[Collected data entries]
··········
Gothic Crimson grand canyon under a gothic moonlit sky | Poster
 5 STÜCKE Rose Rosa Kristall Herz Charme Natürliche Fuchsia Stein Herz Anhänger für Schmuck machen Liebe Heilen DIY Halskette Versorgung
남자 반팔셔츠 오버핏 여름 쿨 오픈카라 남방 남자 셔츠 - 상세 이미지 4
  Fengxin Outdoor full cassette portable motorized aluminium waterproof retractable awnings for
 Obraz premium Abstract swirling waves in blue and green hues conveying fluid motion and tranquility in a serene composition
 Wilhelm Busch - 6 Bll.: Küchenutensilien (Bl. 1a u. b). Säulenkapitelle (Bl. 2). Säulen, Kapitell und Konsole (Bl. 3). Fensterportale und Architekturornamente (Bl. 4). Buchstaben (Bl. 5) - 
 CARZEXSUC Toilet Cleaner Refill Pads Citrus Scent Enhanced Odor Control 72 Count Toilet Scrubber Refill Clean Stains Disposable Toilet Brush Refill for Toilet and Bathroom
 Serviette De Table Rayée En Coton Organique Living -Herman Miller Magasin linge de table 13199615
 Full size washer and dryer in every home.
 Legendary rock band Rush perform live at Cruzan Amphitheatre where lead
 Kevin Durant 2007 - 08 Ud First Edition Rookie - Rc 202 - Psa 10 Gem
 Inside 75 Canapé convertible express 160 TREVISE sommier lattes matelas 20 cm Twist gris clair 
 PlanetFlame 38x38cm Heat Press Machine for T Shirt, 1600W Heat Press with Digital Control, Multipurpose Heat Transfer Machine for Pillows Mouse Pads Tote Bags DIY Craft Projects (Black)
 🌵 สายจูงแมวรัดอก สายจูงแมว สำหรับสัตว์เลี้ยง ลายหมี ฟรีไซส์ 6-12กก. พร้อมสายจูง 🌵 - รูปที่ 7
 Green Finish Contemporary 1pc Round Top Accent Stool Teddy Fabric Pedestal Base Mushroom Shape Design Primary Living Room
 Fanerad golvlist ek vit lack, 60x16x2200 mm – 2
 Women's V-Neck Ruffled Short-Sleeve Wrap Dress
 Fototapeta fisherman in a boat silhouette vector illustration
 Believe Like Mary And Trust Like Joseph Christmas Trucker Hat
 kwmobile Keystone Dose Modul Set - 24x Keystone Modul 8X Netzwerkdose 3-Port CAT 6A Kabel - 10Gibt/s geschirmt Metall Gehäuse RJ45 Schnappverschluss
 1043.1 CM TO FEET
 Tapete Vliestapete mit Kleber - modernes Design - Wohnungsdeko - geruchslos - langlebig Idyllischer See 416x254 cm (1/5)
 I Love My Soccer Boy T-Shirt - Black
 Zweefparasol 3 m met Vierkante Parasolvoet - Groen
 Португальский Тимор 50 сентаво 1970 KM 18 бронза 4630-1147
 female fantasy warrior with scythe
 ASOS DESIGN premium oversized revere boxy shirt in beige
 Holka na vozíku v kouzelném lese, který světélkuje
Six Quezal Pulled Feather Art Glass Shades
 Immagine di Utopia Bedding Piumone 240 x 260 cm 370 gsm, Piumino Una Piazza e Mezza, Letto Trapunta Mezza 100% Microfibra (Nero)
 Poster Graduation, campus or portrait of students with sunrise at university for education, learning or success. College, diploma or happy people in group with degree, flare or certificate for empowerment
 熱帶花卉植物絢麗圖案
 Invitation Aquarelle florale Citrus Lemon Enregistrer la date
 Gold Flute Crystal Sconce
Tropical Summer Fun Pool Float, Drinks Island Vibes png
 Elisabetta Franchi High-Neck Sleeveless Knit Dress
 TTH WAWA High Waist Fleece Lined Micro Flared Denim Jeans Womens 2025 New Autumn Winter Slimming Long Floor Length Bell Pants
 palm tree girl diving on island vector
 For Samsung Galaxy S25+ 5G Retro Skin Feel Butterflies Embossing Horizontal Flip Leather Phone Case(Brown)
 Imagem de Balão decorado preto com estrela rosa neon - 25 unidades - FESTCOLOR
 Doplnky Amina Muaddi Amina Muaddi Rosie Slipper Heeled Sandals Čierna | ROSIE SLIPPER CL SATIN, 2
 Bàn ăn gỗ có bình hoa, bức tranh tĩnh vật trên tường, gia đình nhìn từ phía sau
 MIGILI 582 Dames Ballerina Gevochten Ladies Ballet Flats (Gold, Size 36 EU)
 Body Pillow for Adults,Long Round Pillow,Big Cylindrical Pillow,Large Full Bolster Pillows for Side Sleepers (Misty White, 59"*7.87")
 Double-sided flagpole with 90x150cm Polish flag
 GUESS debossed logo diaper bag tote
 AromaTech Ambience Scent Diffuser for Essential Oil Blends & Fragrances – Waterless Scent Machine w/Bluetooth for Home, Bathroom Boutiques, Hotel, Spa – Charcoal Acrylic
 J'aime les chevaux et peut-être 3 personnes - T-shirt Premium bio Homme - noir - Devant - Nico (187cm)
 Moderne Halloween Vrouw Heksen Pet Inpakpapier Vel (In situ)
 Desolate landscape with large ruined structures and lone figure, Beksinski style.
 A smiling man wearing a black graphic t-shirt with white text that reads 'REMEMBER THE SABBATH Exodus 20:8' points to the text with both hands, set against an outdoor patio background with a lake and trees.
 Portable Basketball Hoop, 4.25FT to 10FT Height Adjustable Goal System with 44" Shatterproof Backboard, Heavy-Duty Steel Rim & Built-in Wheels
··········
- _Task description_:
Find "Dress" in the preceding records. Copy each line that holds it.

- _Answer box_:
 Women's V-Neck Ruffled Short-Sleeve Wrap Dress
 Elisabetta Franchi High-Neck Sleeveless Knit Dress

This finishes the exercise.